Records for the exercise ->
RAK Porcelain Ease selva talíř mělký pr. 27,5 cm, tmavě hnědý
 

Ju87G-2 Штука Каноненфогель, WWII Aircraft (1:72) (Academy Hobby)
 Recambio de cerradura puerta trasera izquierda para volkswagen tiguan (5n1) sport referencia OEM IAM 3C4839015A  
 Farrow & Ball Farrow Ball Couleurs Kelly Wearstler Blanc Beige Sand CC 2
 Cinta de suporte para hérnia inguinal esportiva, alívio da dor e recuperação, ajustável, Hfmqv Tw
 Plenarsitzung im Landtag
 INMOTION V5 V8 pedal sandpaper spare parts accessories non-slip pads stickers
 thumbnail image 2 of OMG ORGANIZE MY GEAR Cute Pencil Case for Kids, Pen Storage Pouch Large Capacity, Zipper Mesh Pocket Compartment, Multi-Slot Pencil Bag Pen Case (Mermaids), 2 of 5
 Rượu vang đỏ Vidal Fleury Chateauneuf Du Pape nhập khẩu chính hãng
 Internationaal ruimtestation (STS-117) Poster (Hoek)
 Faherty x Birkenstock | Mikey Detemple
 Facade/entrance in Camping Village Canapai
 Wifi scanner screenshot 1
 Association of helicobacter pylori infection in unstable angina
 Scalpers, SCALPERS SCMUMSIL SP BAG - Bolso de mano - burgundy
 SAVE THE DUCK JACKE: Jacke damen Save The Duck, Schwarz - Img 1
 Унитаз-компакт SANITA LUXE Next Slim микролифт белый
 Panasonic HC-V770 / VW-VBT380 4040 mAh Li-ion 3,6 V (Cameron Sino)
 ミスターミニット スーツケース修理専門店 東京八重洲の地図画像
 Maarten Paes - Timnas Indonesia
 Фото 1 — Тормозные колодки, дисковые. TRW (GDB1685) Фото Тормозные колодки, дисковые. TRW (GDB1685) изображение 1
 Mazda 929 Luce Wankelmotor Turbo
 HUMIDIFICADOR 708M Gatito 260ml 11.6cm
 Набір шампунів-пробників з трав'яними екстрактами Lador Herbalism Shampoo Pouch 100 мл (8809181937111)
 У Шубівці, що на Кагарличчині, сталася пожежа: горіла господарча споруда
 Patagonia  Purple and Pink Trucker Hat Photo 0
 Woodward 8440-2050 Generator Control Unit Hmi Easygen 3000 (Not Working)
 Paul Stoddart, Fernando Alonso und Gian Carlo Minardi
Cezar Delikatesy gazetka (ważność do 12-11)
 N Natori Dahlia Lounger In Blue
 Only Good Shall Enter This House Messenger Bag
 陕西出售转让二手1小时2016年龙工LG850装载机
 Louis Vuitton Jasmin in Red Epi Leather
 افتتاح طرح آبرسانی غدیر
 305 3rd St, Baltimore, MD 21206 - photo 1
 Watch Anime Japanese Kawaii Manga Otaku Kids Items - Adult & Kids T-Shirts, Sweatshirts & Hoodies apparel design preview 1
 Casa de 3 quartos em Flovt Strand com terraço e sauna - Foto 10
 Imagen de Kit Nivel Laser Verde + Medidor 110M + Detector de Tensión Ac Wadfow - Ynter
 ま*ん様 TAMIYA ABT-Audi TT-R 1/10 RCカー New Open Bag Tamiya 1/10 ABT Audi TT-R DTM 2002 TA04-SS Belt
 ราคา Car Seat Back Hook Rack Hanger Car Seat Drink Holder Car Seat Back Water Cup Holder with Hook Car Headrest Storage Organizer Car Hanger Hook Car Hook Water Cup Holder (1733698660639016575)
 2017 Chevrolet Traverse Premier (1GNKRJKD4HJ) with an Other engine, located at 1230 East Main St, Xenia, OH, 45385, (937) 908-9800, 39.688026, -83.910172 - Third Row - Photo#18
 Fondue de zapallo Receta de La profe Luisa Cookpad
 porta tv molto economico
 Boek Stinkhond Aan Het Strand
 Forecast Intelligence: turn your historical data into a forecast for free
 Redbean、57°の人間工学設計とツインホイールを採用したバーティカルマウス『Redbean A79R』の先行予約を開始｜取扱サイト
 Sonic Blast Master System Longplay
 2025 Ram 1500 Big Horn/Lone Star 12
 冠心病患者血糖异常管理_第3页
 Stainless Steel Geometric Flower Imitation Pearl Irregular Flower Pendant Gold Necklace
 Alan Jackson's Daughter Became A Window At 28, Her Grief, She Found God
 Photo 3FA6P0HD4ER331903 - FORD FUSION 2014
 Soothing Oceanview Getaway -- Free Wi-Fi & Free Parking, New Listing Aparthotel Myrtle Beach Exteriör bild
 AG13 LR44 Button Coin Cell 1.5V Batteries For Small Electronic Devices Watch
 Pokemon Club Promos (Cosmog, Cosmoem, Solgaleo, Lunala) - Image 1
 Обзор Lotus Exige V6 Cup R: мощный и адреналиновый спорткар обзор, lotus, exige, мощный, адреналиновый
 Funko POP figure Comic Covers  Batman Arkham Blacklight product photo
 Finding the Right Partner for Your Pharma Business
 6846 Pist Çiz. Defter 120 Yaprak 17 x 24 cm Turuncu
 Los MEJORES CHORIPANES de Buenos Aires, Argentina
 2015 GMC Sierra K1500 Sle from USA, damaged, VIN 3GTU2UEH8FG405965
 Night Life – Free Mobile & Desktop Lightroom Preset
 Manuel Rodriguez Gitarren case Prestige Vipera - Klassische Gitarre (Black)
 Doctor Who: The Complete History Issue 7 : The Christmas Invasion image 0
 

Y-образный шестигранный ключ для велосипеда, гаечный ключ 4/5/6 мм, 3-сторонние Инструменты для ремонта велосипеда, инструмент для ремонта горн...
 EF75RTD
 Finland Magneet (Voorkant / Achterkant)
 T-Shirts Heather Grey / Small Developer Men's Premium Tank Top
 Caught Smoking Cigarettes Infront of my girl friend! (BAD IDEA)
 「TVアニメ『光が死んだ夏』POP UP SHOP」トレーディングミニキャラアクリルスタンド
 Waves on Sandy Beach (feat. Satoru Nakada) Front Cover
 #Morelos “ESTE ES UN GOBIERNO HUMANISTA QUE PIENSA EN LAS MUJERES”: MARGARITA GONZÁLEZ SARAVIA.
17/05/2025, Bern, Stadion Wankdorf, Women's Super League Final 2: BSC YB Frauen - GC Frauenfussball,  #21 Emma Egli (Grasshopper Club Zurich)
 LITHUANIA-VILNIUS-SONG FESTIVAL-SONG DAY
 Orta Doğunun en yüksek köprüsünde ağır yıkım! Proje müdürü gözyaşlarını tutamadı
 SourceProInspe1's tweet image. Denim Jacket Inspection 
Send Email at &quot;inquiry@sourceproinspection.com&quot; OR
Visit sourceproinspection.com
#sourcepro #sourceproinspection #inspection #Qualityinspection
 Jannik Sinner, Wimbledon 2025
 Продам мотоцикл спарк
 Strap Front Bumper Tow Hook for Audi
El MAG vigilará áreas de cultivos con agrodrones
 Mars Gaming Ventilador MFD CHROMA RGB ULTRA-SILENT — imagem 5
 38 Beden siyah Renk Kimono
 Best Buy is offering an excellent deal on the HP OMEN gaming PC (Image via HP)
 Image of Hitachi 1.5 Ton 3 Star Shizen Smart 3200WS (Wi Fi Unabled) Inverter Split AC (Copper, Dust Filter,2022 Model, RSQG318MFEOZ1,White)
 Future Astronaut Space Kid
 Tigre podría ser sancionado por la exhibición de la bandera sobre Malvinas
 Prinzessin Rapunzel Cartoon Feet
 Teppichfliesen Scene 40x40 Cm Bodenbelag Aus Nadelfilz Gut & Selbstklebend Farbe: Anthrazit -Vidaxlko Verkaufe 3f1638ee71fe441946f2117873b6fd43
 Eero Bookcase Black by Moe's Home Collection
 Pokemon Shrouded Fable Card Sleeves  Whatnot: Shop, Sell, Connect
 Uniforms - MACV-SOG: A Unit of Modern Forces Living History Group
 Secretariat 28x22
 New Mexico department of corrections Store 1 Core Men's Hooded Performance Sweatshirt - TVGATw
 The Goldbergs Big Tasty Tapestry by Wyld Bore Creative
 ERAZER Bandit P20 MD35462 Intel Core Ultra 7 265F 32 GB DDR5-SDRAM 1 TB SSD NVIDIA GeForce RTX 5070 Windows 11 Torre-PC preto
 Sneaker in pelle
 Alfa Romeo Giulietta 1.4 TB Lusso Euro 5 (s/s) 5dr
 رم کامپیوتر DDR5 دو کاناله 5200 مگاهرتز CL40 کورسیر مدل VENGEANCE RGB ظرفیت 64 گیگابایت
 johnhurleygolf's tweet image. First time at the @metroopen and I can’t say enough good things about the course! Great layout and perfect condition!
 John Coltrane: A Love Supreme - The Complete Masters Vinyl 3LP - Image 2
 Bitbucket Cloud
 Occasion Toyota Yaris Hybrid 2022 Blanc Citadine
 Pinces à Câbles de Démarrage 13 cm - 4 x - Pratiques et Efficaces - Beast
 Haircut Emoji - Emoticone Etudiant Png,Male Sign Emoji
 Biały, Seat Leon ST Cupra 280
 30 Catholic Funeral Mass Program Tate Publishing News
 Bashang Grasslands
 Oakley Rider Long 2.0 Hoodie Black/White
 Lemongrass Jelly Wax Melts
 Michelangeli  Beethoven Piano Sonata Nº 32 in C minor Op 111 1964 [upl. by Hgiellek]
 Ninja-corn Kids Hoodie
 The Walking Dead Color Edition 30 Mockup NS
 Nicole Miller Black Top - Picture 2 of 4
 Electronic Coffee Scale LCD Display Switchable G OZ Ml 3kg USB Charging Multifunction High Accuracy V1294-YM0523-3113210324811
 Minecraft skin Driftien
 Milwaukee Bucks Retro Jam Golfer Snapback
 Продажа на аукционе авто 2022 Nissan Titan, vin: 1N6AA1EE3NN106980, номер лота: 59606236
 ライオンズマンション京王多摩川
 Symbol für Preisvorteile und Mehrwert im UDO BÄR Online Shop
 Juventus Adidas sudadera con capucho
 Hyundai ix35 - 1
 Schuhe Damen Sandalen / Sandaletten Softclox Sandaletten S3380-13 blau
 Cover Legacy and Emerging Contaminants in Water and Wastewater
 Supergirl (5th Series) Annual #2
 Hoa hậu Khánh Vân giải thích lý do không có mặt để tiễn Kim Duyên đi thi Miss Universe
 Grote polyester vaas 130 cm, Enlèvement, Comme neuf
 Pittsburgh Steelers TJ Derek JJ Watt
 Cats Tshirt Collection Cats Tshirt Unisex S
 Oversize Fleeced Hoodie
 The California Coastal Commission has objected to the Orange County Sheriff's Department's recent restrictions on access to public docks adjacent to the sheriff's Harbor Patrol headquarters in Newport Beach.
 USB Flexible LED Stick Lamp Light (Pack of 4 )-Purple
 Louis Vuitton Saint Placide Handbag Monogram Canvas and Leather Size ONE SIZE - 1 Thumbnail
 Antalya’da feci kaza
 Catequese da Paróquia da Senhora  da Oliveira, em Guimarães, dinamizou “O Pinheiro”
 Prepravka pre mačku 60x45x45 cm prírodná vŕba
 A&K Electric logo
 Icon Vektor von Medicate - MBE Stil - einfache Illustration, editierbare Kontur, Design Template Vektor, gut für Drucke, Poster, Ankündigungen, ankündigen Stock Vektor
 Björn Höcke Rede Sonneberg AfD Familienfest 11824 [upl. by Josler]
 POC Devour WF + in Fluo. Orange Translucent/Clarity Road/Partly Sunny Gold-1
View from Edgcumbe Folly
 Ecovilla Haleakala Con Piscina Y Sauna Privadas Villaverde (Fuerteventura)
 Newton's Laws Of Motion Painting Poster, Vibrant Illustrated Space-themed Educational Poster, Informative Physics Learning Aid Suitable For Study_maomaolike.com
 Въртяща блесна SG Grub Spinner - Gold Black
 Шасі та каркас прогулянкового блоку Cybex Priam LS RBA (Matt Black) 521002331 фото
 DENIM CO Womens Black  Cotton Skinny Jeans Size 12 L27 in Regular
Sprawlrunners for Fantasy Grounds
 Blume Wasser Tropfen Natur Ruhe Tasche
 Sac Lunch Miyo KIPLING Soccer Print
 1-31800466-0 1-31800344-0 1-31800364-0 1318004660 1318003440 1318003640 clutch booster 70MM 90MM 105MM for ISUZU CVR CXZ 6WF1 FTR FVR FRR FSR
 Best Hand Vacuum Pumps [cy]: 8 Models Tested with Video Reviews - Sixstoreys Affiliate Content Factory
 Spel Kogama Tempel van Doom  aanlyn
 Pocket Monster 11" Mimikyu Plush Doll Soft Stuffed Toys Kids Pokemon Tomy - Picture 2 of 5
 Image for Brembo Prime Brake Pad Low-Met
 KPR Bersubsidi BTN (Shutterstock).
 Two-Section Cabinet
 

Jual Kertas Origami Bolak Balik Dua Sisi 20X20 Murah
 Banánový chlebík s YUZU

Your goal -> Your answer must be a single number: the count of lines in the records that hold the word "Unit".

Completed exercise -> 2